Gambling is not the answer to curbing state budget woes
Supporters of Gov. Andrew Cuomo’s casino expansion amendment tend to ignore the serious/deadly problem of gambling addiction. They write it off as a minor, incidental hazard, affecting only a few people and outweighed by benefits from the casino.
But we need to realize addiction and problem gambling are essential to a casino’s profits. Gambling addicts aren’t just minor collateral damage. They are a necessary source of casino income. Casinos need addicts. Statistical studies from around the world bear out that 30 to 70 percent of casino profits come from gambling addicts.

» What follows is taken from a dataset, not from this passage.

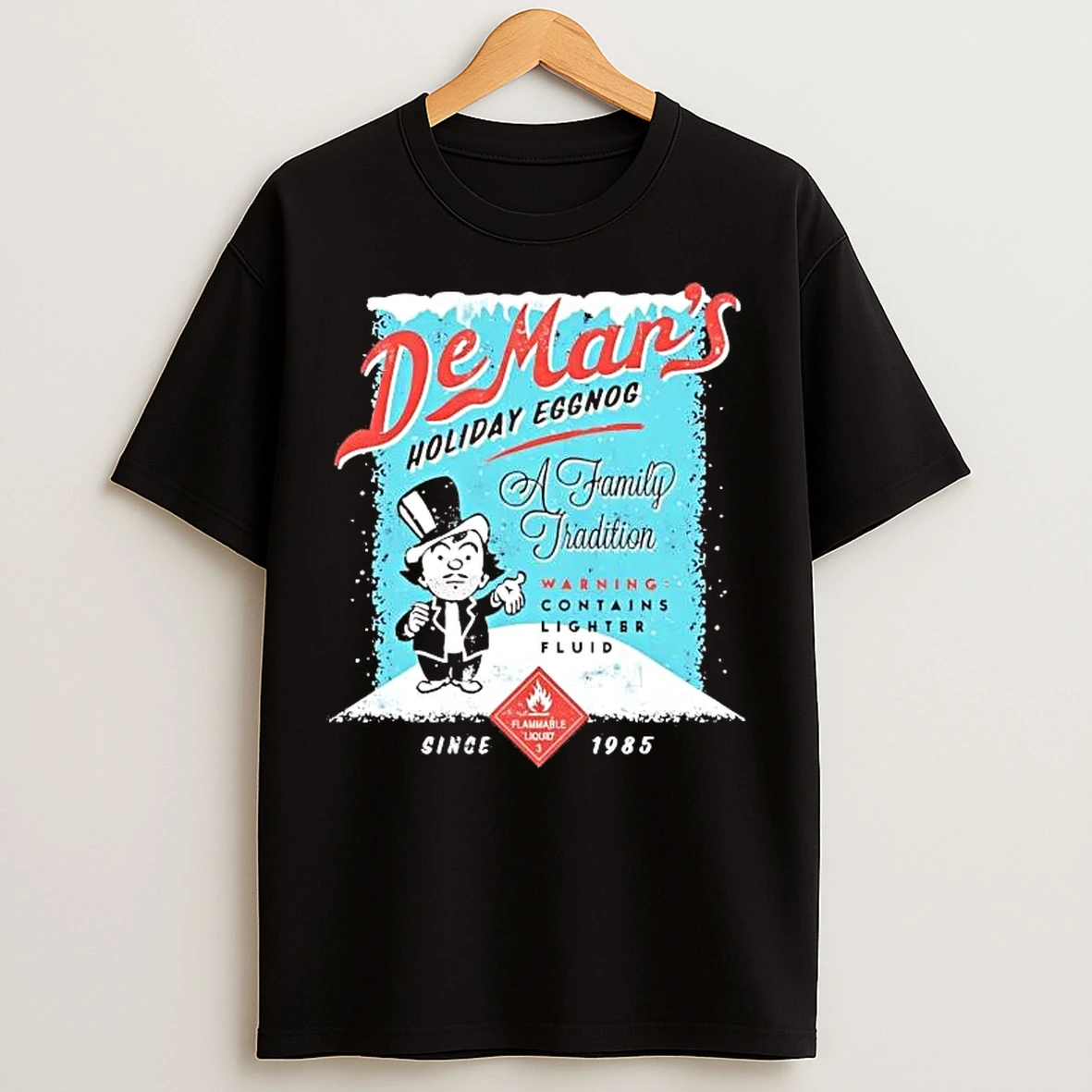 Classic Charles Demars Eggnog With Lighter Fluid T Shirts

The state and owners of casinos have shown little interest in prevention or treatment of gambling addiction. Indeed, could they afford to do more? If they were effective at prevention, they might drastically cut into their own profits. In fact, the proximity of a casino increases the likelihood of addiction or problem gambling among those in the surrounding area.

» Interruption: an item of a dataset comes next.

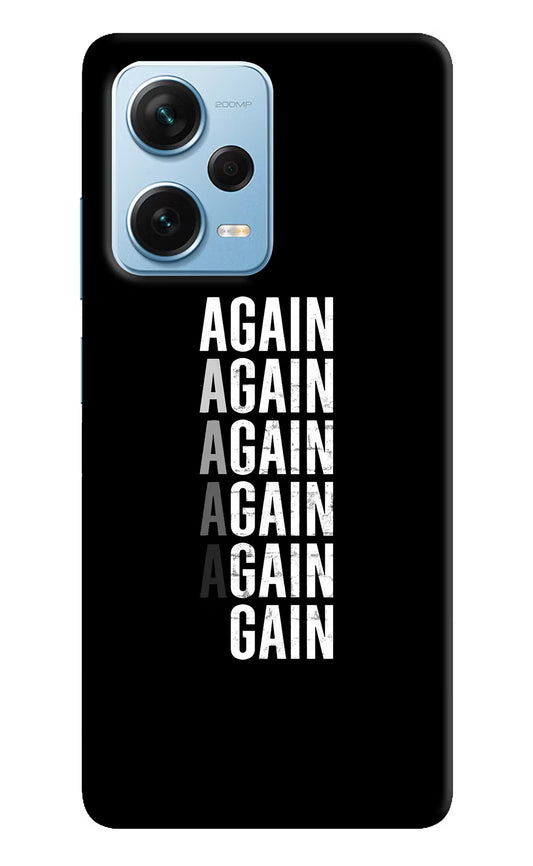 Again Again Gain Redmi Note 12 Pro+ 5G Hard Case Back Cover by Casekaro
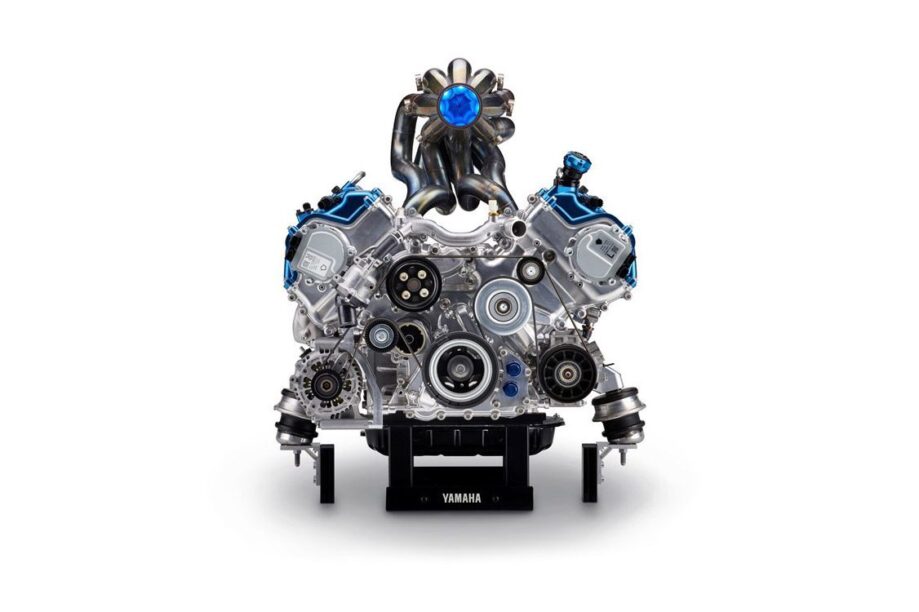 V8 op waterstof van Yamaha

As Natasha Schull points out in “Addiction by Design” (Princeton University Press 2013), today’s slot machines are designed with increasing effectiveness to keep players “on device,” “gambling to extinction” until they’ve run out of money and exhausted their financial resources.
Those most vulnerable to gambling addiction are the elderly, the young, the poor. Those we should seek to protect are the very ones we are ready to exploit. But how can the state effectively regulate an industry that is one of its major sources of revenue? Is this the way we want to fund our state budget? I urge you to vote no to Proposal 1 on election day.